Under usual practice, crossing a check is done by placing two parallel lines diagonally on the left top
portion of the check. The crossing may be special wherein between the two parallel lines is written the
name of a bank or a business institution, in which case the drawee should pay only with the intervention of
that bank or company, or crossing may be general wherein between two parallel diagonal lines are written
the words "and Co." or none at all as in the case at bar, in which case the drawee should not encash the
same but merely accept the same for deposit.

The effect therefore of crossing a check relates to the mode of its presentment for payment. Under Section
72 of the Negotiable Instruments Law, presentment for payment to be sufficient must be made (a) by the
holder, or by some person authorized to receive payment on his behalf x x x. As to who the holder or
authorized person will be depends on the instructions stated on the face of the check.

The three subject checks in the case at bar had been crossed generally and issued payable to New Sikatuna
Wood Industries, Inc. which could only mean that the drawer had intended the same for deposit only by the
rightful person, i.e., the payee named therein. Apparently, it was not the payee who presented the same for
payment and therefore, there was no proper presentment, and the liability did not attach to the drawer.
Thus, in the absence of due presentment, the drawer did not become liable.[7] Consequently, no right of
recourse is available to petitioner against the drawer of the subject checks, private respondent wife,
considering that petitioner is not the proper party authorized to make presentment of the checks in question.

Yet it does not follow as a legal proposition that simply because petitioner was not a holder in due course as
found by the appellate court for having taken the instruments in question with notice that the same is for
deposit only to the account of payee named in the subject checks, petitioner could not recover on the
checks. The Negotiable Instruments Law does not provide that a holder who is not a holder in due course
may not in any case recover on the instrument for in the case at bar, petitioner may recover from the New
Sikatuna Wood Industries, Inc. if the latter has no valid excuse for refusing payment. The only
disadvantage of a holder who is not in due course is that the negotiable instrument is subject to defenses as
if it were non-negotiable.[8]

That the subject checks had been issued subject to the condition that private respondents on due date would
make the back up deposit for said checks but which condition apparently was not made, thus resulting in the
non-consummation of the loan intended to be granted by private respondents to New Sikatuna Wood
Industries, Inc., constitutes a good defense against petitioner who is not a holder in due course.

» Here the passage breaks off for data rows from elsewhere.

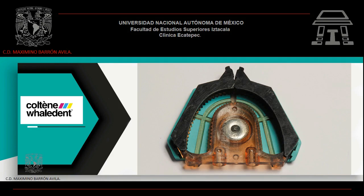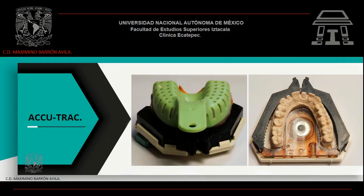A continuación revisaremos la sección de modelos de trabajo en troquel empleando el sistema ACUTRAC, apoyándonos en el manual proporcionado por la casa comercial Coltene Gualedén, propietaria del sistema ACUTRAC. ACUTRAC es el sistema de troqueles separados sin pines. Es un sistema simple, rápido y eficaz.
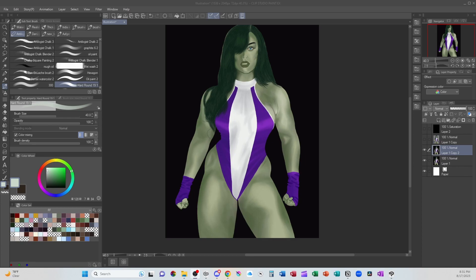Today we're going to be working with the She-Hulk. There are some things going on in this that are really good. I think when the person was drawing, when they sat down to capture the likeness, a lot of things are pretty much in the right place.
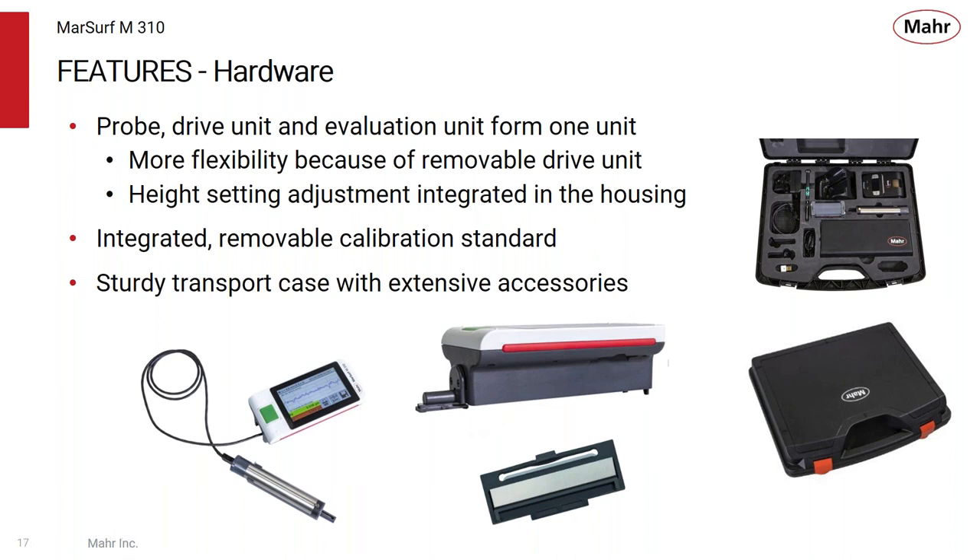There's an integrated and removable calibration standard built into the system. The whole product comes in a very heavy-duty transport case — there's an individual case for the M310 itself, and you can store all your cables, instruction manuals, the printer, and so forth all within this handy case.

WHEREFORE, the decision appealed from is hereby AFFIRMED with costs against petitioner.

SO ORDERED.

Gutierrez, Jr., Bidin, and Cortes, JJ., concur.


Feliciano, J., on leave.

[1] Presided over by then Judge (now Court of Appeals Justice) Bienvenido C. Ejercito.
[2] Petition, Annex "A", RTC Decision, Rollo, pp. 42-43.

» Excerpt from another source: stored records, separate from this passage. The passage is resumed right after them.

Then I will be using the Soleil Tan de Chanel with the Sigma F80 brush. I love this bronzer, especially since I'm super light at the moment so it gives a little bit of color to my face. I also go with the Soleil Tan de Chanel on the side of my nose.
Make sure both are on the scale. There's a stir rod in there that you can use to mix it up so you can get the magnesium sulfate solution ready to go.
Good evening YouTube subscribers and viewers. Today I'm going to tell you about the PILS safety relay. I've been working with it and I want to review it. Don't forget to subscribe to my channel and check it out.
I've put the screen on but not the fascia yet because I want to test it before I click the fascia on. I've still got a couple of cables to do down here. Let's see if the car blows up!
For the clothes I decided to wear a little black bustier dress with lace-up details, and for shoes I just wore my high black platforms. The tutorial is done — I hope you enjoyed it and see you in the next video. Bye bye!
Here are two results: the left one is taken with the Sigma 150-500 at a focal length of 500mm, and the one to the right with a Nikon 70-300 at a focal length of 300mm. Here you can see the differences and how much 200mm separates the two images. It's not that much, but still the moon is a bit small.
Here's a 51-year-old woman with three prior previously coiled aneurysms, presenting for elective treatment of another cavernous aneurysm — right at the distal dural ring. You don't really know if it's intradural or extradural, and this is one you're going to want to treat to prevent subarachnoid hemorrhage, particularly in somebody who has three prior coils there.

Penned by Justice Eduardo P. Caguioa, concurred in by Presiding Justice Ramon G. Gaviola, Jr., Justices
[3]

Ma. Rosario Quetulio-Losa and Leonor Ines-Luciano.


[4] Rollo, p. 51.
[5] Ocampo & Co. v. Gatchalian, 3 SCRA 603 (1961).
[6] Petition, Annex "B", IAC Decision, Rollo, pp. 50-51.
[7] Chan Wan v. Tan Kim and Chen So, L-15380, September 30, 1960, 109 Phil. 706 (1960).
[8] Chan Wan v. Tan Kim and Chen So, supra.